DATASET_DIR = "UCF50"
CLASSES_LIST = ["PlayingVioline", "Skiing", "HorseRiding", "Diving", "Biking"]

In [None]:
def frame_extraction(video_path):
  """
  This function will extract the required frames from a video after normalizing them.
  Args:
    video_path: The path of the video in the disk, whose frames are to be extracted.
  Returns:
    frames_list: A list containing the resized and normalized frames of the video

  """

  frames_list = []

  video_reader = cv2.VideoCapture(video_path)

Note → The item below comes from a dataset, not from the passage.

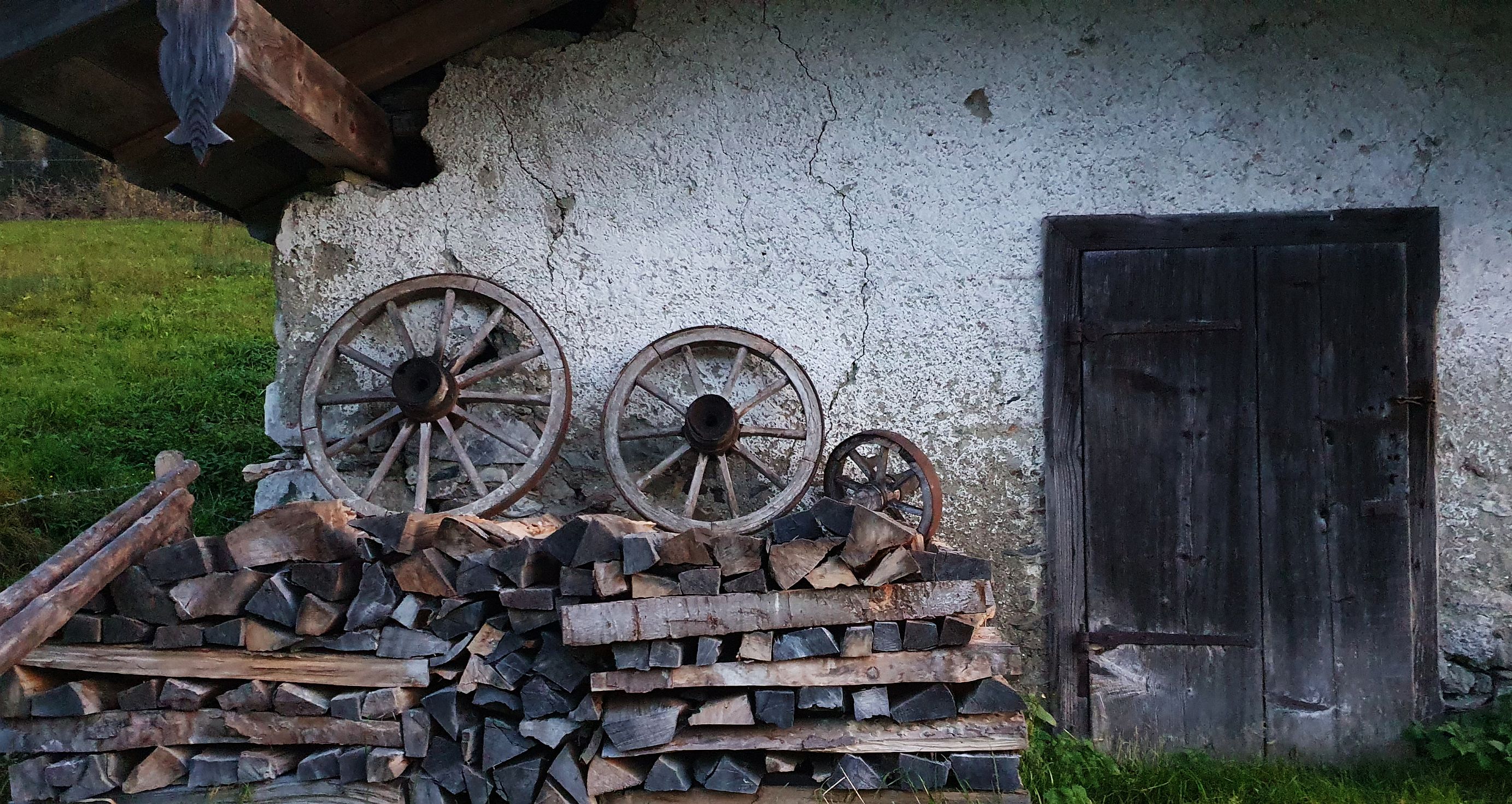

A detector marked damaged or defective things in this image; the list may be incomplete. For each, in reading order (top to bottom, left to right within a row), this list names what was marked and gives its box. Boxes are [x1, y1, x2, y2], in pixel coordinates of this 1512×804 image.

crack in wall [762, 1, 883, 415]
cracked plaster wall [272, 0, 1512, 699]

  # Get the total number of frames in the video
  video_frames_count = int(video_reader.get(cv2.CAP.PROP_FRAME_COUNT))

  # Calculate the interval after which frames will be added to the list
  skip_frames_window = max(int(video_frames_count/SEQUENCE_LENGTH), 1)

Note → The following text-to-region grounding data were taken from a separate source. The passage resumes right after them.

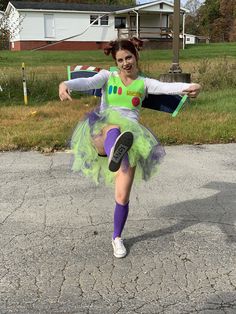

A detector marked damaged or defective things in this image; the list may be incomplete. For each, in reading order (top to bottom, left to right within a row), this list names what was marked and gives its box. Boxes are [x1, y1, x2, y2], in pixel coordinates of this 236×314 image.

cracked pavement [0, 144, 235, 314] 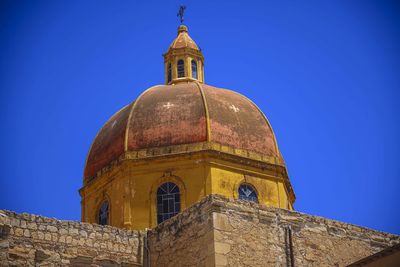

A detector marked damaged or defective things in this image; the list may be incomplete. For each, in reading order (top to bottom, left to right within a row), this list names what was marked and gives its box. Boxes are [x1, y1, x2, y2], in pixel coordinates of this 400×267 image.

rusty patina surface [85, 103, 133, 179]
rusty patina surface [83, 84, 280, 180]
rusty patina surface [203, 85, 278, 158]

  # Loop through the video frames
  for frame_counter in range(SEQUENCE_LENGTH):

    # Set the current frame position of the video
    video_reader.set(cv2.CAP_PROP_POS_FRAMES, frame_counter * skip_frames_window)

    # Reading frames from the video
    res, frame = video_reader.read()

    # Check if video frame is not successfully read then break the loop
    if not res:
      break

    # Resize the frames to fix height and width
    resized_frame = cv2.resize(frame, (IMAGE_HEIGHT, IMAGE_WIDTH))

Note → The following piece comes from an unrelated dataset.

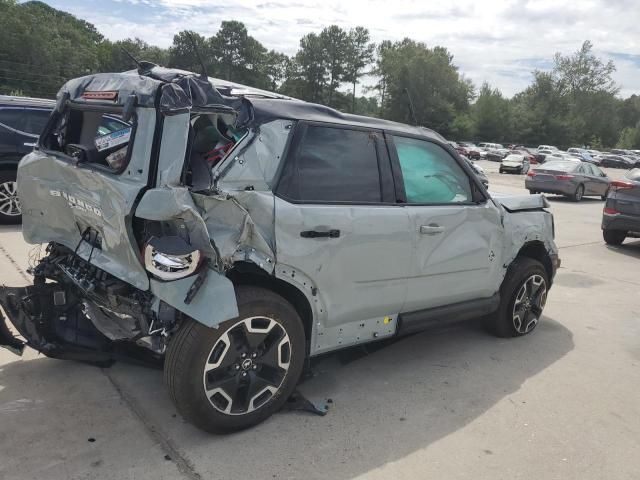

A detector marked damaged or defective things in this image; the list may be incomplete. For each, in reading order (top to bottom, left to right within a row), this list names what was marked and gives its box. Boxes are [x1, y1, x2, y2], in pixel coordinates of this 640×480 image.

crumpled hood [488, 193, 548, 212]
severely damaged suv [0, 66, 556, 432]
torn metal panel [149, 272, 238, 328]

    # Normalize the resized frame by dividing it with 255 so that each pixel value then lies between 0 , 1
    normalized_frame = resized_frame / 255

    frames_list.append(normalized_frame)

  video_reader.release()

  return frames_list

In [None]:
def create_dataset():
  """
  This function will extract the data of the selected classes and create the required dataset.
  Returns:
    features:     A numpy array containing the extracted frames from the videos.
    labels:       A numpy array containing the indexes of the classes associated with the videos.
    Videos_paths: A list containing the paths of the videos in the disk.

  """

  features = []
  labels = []
  videos_paths = []

  for class_index, class_name in enumerate(CLASSES_LIST):
    print(f"Extracting data of class: {class_name}")

    files_list = os.listdir(os.path.join(DATASET_DIR, class_name))
    for file_name in files_list:
      video_path = os.path.join(DATASET_DIR, class_name, file_name)
      frames = frame_extraction(video_path)

      # Check to ignore the videos having frames less than the SEQUENCE_LENGTH
      if len(frames) == SEQUENCE_LENGTH:
        features.append(frames)
        labels.append(class_index)
        videos_paths.append(video_path)

  features = np.asarray(features)
  labels = np.array(labels)

  return features, labels, videos_paths

In [9]:
# Create dataset
features, labels, videos_paths = create_dataset()

# Convert labels into one-hot encoded vectors
one_hot_labels = to_categorical(labels)

# Split data into train and test sets
features_train, features_test, labels_train, labels_test = train_test_split(features, one_hot_labels, test_size=0.25, shuffle=True, random_state=30)

SyntaxError: invalid syntax. Maybe you meant '==' or ':=' instead of '='? (<ipython-input-9-1fc01ea52822>, line 8)

# **ConvLSTM model**

In [13]:
def create_convlstm_model():
  """
  This function will construct the required convlstm model.
  Returns:
    model: It is the required constructed convlstm model.

  """

  model = Sequential()

  model.add(ConvLSTM2D(filters=4, kernel_size=(3,3), activation="tanh", data_format="channels_last", recurrent_dropout=0.2, return_sequences=True, input_shape=(SEQUENCE_LENGTH, IMAGE_HEIGHT, IMAGE_WIDTH, 3)))
  model.add(MaxPooling3D(pool_size=(1,2,2), padding="same", data_format="channels_last"))
  model.add(TimeDistributed(Dropout(0.2)))
  model.add(ConvLSTM2D(filters=8, kernel_size=(3,3), activation="tanh", data_format="channels_last", recurrent_dropout=0.2, return_sequences=True))
  model.add(MaxPooling3D(pool_size=(1,2,2), padding="same", data_format="channels_last"))
  model.add(TimeDistributed(Dropout(0.2)))
  model.add(ConvLSTM2D(filters=14, kernel_size=(3,3), activation="tanh", data_format="channels_last", recurrent_dropout=0.2, return_sequences=True))
  model.add(MaxPooling3D(pool_size=(1,2,2), padding="same", data_format="channels_last"))
  model.add(TimeDistributed(Dropout(0.2)))
  model.add(ConvLSTM2D(filters=16, kernel_size=(3,3), activation="tanh", data_format="channels_last", recurrent_dropout=0.2, return_sequences=True))
  model.add(MaxPooling3D(pool_size=(1,2,2), padding="same", data_format="channels_last"))
  model.add(TimeDistributed(Dropout(0.2)))
  model.add(Flatten())
  model.add(Dense(len(CLASSES_LIST), activation="softmax"))

  model.summary()

  return model

In [16]:
# Construct the model
convlstm_model = create_convlstm_model()
#plot_model(convlstm_model, to_file ="convlstm_model_structure_plot.png", show_shapes=True, show_layer_names=True)